The suit against the FDIC also states that the government agency’s structure and actions were and are unconstitutional.

In an action disclosed by the FDIC at the end of December and issued to the Kansas bank on Nov. 19, the FDIC charged that CBW “failed to maintain an adequate anti-money laundering/Countering the Financing of Terrorism” program while “recklessly engaged in unsafe or unsound practices” that were allegedly tied to repeated violations of the Bank Secrecy Act.

Focusing on AML/CFT

During the period cited in the FDIC suit, from 2018 to 2020, CBW operated a “multibillion dollar international monetary transfer business,” and generated the bulk of its fee-based revenues from correspondent banking services for international financial institutions (FIs) based outside the United States. Services included, among others, cross-border remote deposit capture services for checks and high-volume electronic funds transfers. The complaint alleges that CBW failed to file “hundreds” of suspicious activity reports and lacked appropriate customer due diligence practices. 

“Due to the failures described above, Respondent earned millions in fee income that it otherwise would not have earned if it had maintained an adequate AML/CFT compliance program,” the FDIC said in the filing, as the bank processed billions of dollars in transactions. 

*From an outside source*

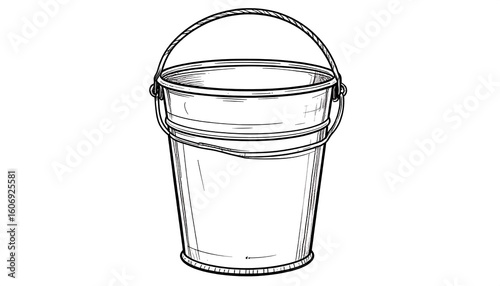 Simple metal bucket drawing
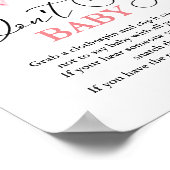 PinkBowはベビーの赤ちゃんシャワーゲームのサインを言わない ポスター (角)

In one example listed in the FDIC document, an unnamed CBW customer wired “over 70% of its bulk cash funds to accounts” at a different foreign FI based in Grand Cayman; CBW’s processes allegedly failed to review or flag those transactions.  Subsequent reviews in 2022 and 2023 found, per the FDIC’s order, that many of the deficiencies cited remained uncorrected.

The Response

CBW, for its part, filed its own complaint in Kansas in November, where the bank said that the penalty “is unreasonable and unprecedented for a bank of this size, complexity, and supervisory history. There is no justifiable basis for any CMP [civil monetary penalties], let alone for one of this magnitude given the conduct at issue in this case.” 

The bank also stated in its suit that the CMP was levied “for years-old conduct that occurred in the long-abandoned correspondent banking and money services businesses.” In 2020, CBW entered into a consent order with the FDIC that shut down those businesses.

The most recent suit also charged that the “FDIC seeks to impose civil monetary penalties in an amount it is aware will consume substantial amounts of the bank’s capital and harm its reputation.”

CBW said in the suit that the action by the FDIC is unconstitutional because administrative proceedings “unconstitutionally deprives CBW of its Seventh Amendment jury rights,” adding that the process subjects the bank “to an administrative proceeding presided over by an executive officer unconstitutionally insulated from presidential control.”

Reached for comment on Wednesday, the FDIC referred PYMNTS back to the orders, and a spokesperson stated that the “FDIC lets the orders speak for themselves.”

The actions come at a time, as PYMNTS Intelligence has reported, as many as 7 in 10 FIs have turned to artificial intelligence and machine learning to combat fraud. Separately, there has been some anticipation ahead of the incoming presidential administration the the very structure of several regulatory agencies — including the FDIC — may be reconfigured.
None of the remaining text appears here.